Si, no tenia problema en audio estaba funcionando bien.

Mantenia presionado el vol+ y aumentaba, ahora tengo que estar pulsando vol+ vol+ vol+ ... hasta llegar al maximo y aun asi se escucha bajo, lo raro que la estatica suena fuerte.



sergiot dijo:


> creo que entrando al modo service se podía modificar para quitar la leyenda heat run, sin cambiar la memoria



Decime como se hace, igual tengo la otra memoria y le puse un zocalo para no estar desoldando, no me va costar nada intentar.
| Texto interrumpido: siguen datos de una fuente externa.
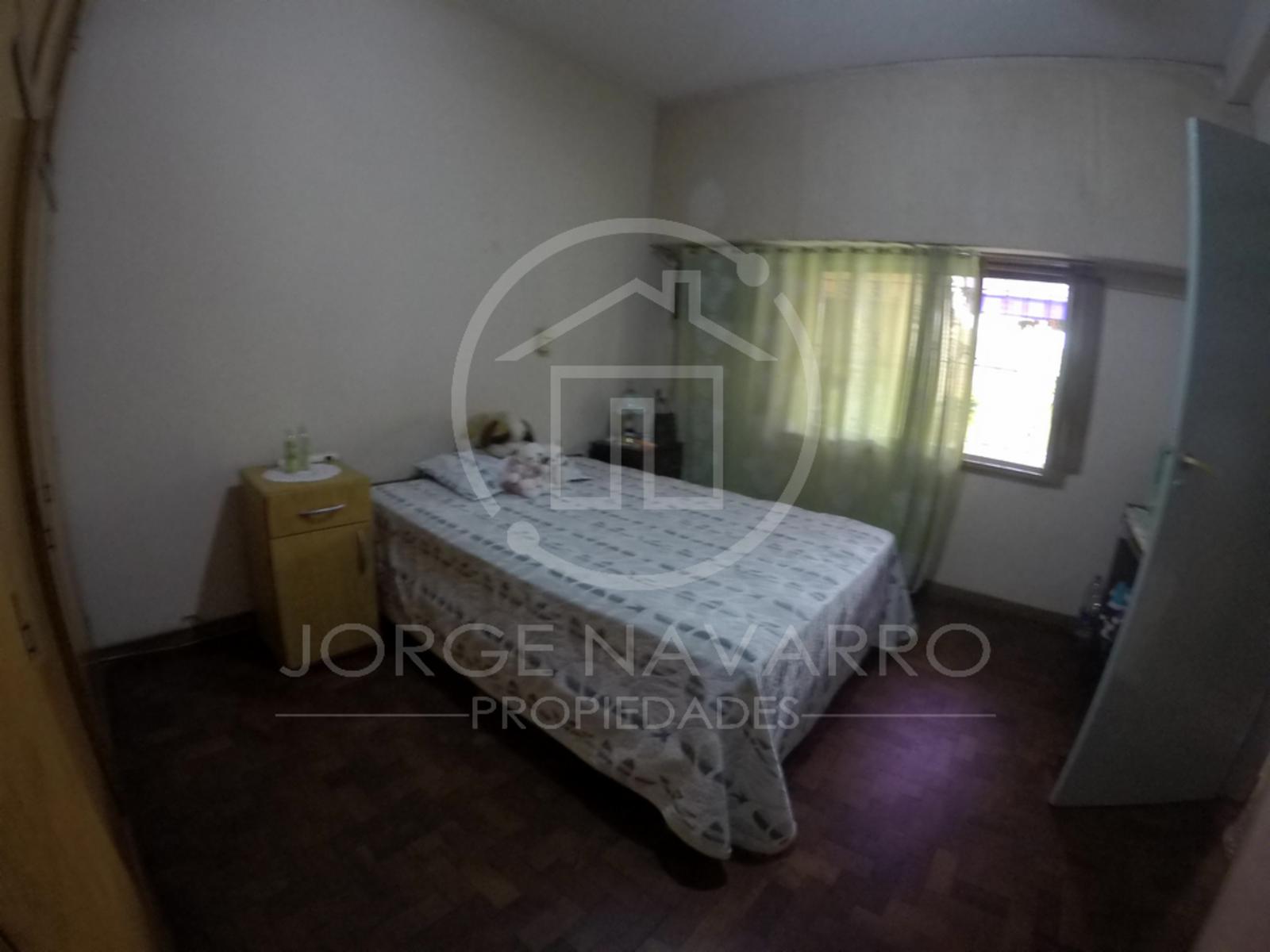 Muy Buena Casa Sobre Lote de 9.16x27.37 - Witcomb 1600 - Villa Ballester — foto 10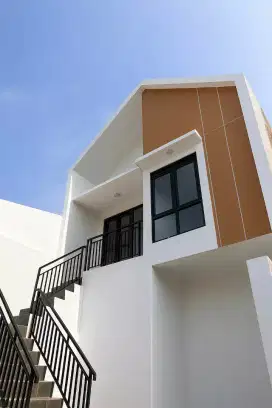 Rumah baru siap huni cocok buat keluarga baru dekat perkantoran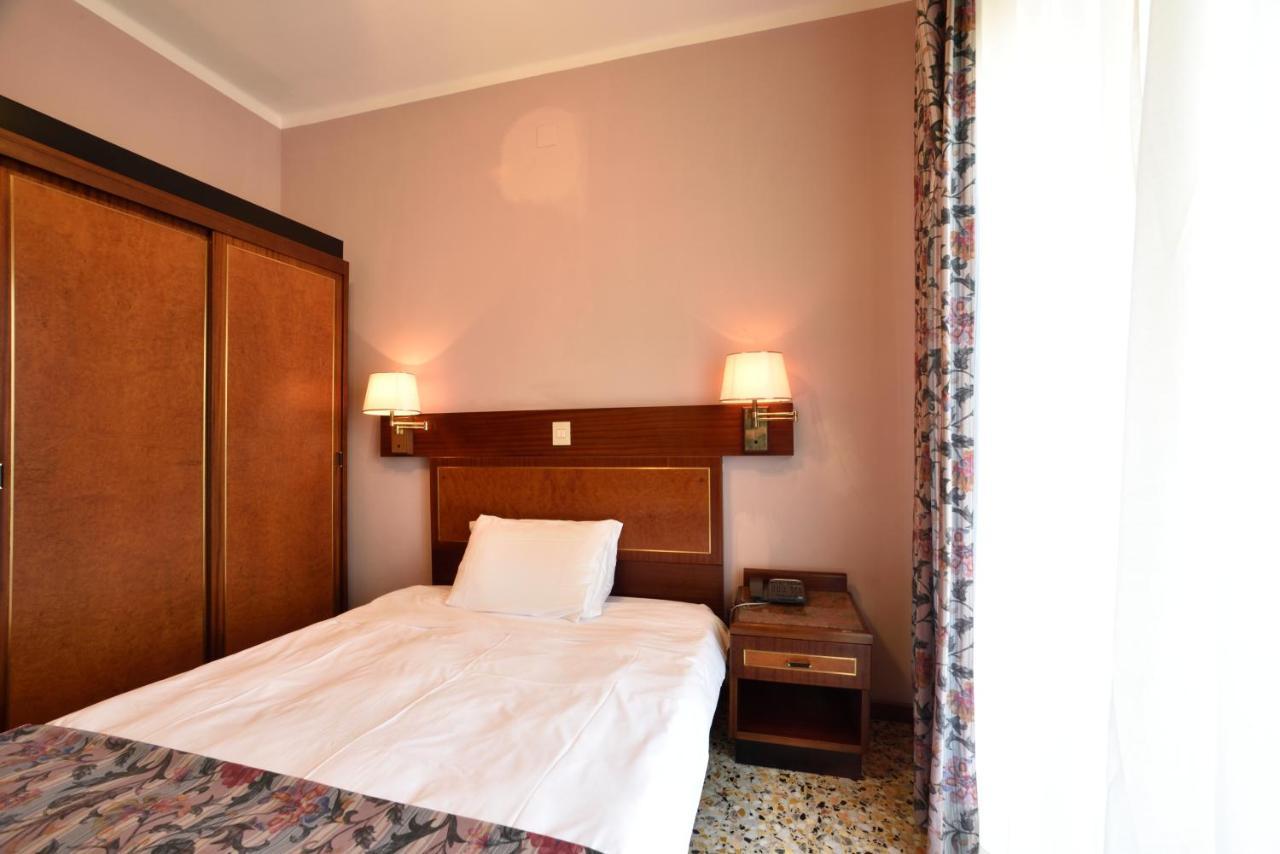 Hotel Bergamo San Bartolomeo Al Mare Exterior foto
Hola amigos, la verdad que tengo mala suerte, paso a contar. Se me sumo otro problema y estoy peor que cuando me los dieron al tv. 

Ya hice que grabaran la memoria con los datos, cuando la coloco el tv no enciende para nada ni siquiera con la otra memo que saque primero, lo único que se prende el led piloto pero como que no tiene fuerza para encender el tubo.


----------



## moonwalker (Sep 15, 2017)

Hola repercha...debes tener alguna pista unida con estaño por allí que provoca error. Te sugiero de que limoies toda la tarjeta especialmente la parte donde soldaste la memoria EEPROM.. Yo uso thinner con excelentes resultados sin embargo hay mejores solventes... Limpia el circuito e intenta encender.


----------